Supplied data section start
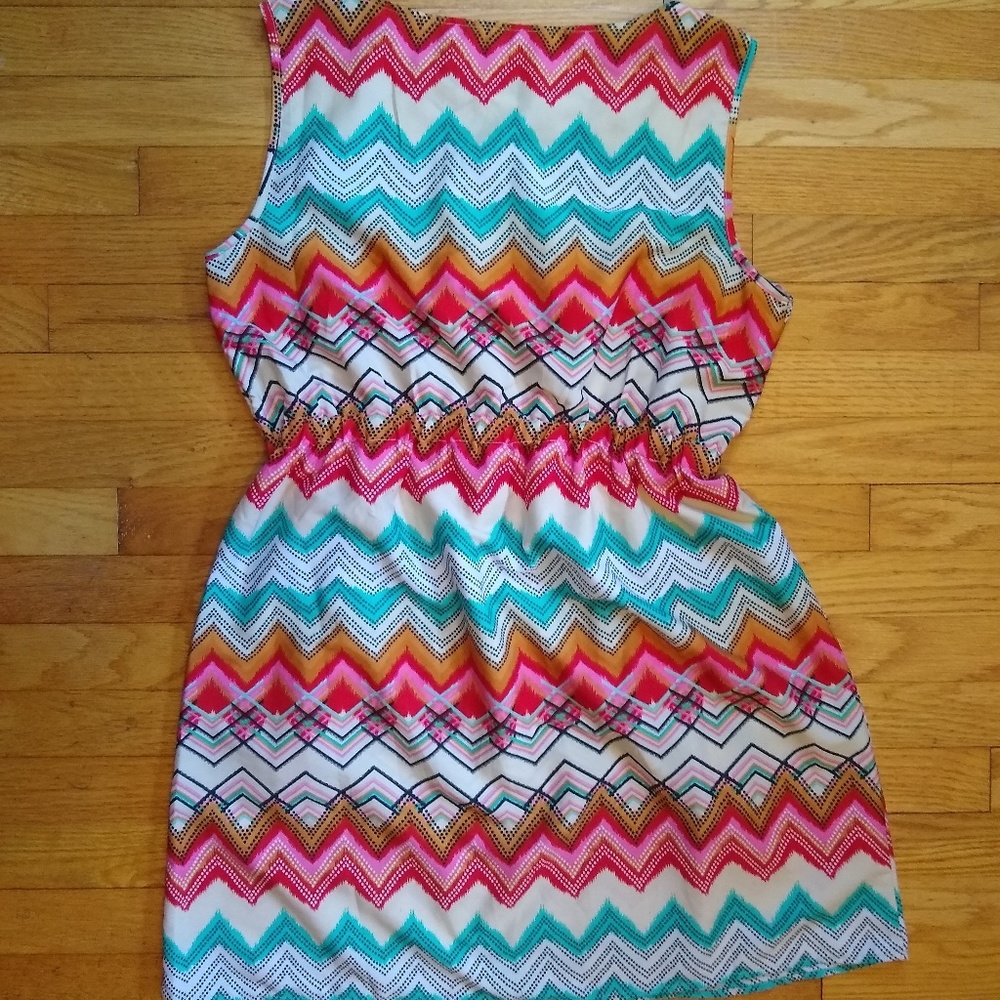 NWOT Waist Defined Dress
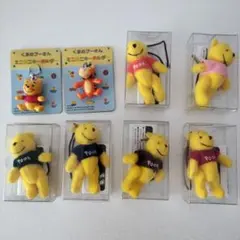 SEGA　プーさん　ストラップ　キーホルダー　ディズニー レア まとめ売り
Supplied data section end
Supplied data section start
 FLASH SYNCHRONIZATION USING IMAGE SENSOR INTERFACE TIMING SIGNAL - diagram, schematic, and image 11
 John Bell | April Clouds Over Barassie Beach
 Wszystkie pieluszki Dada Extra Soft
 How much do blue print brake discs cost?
Supplied data section end
◆ **Instructions to follow**: In the data above, the stretch from the line with "NWOT Waist Defined Dress" through the line with "SEGA　プーさん　ストラップ　キーホルダー　ディズニー レア まとめ売り" is to be returned exactly, minus any pictures.

◆ **Solution for this exercise**:
 NWOT Waist Defined Dress
 SEGA　プーさん　ストラップ　キーホルダー　ディズニー レア まとめ売り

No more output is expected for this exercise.